Write out, word for word and with no pictures, each line below from the one containing "children with disabilities" through the one containing "Raf Simons Man", both included, and no other line.
[[ Records shown, beginning ]]
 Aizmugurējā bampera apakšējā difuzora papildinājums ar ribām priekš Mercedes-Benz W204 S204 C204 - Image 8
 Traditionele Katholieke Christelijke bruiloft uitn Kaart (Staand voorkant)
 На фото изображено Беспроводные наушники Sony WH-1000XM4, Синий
[[ Records shown, end ]]
[[ Records shown, beginning ]]
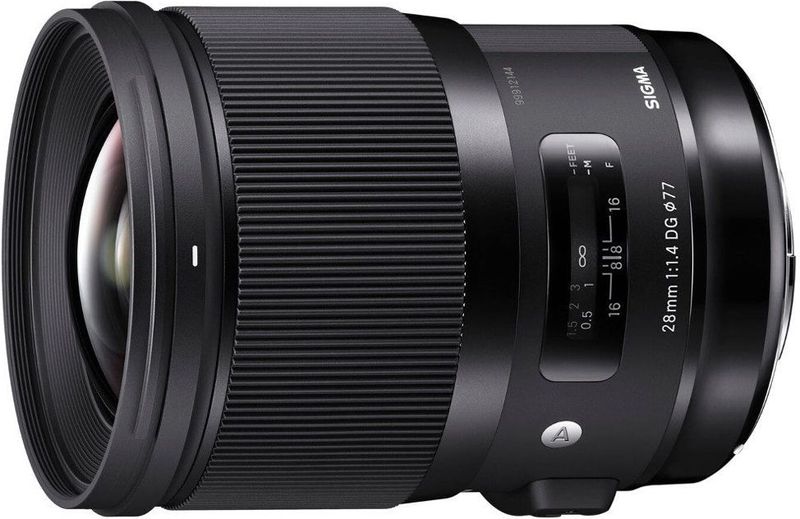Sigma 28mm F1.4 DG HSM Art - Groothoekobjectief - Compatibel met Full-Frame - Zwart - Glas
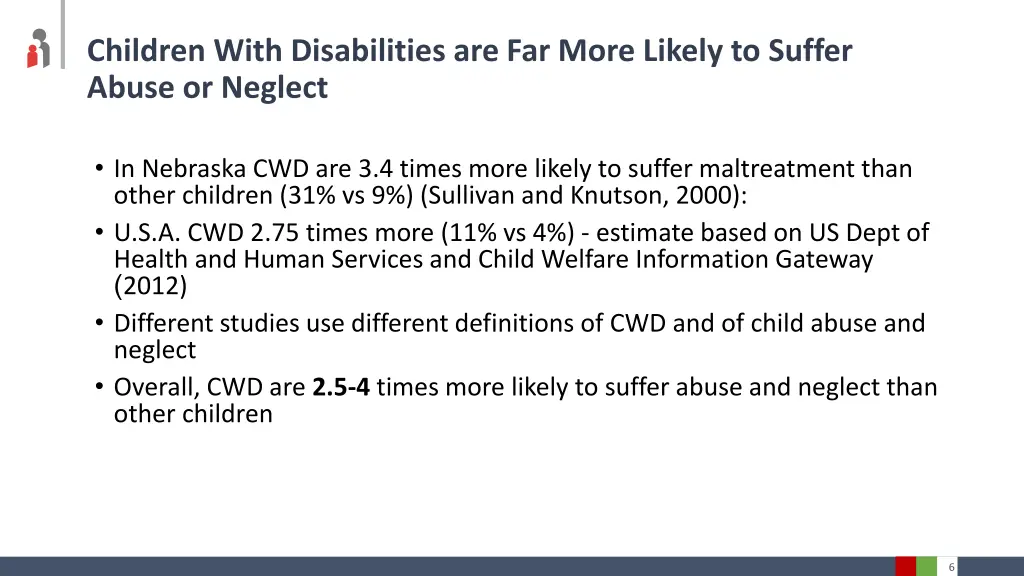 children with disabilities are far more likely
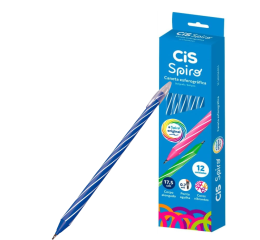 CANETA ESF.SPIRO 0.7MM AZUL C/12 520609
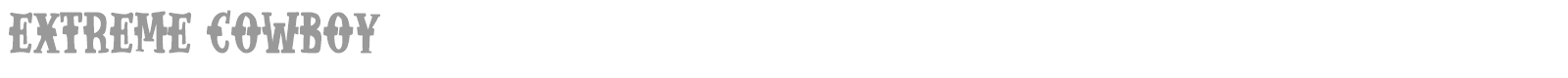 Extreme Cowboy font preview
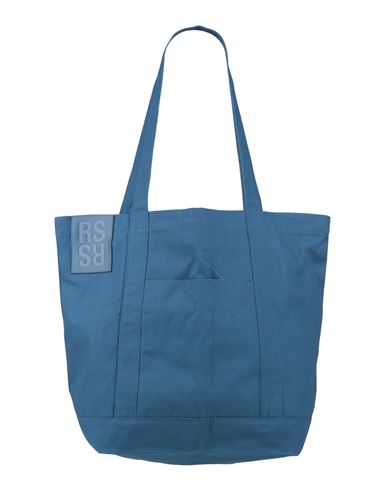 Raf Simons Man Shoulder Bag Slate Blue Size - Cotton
[[ Records shown, end ]]
> [Written response]
 children with disabilities are far more likely
 CANETA ESF.SPIRO 0.7MM AZUL C/12 520609
 Extreme Cowboy font preview
 Raf Simons Man Shoulder Bag Slate Blue Size - Cotton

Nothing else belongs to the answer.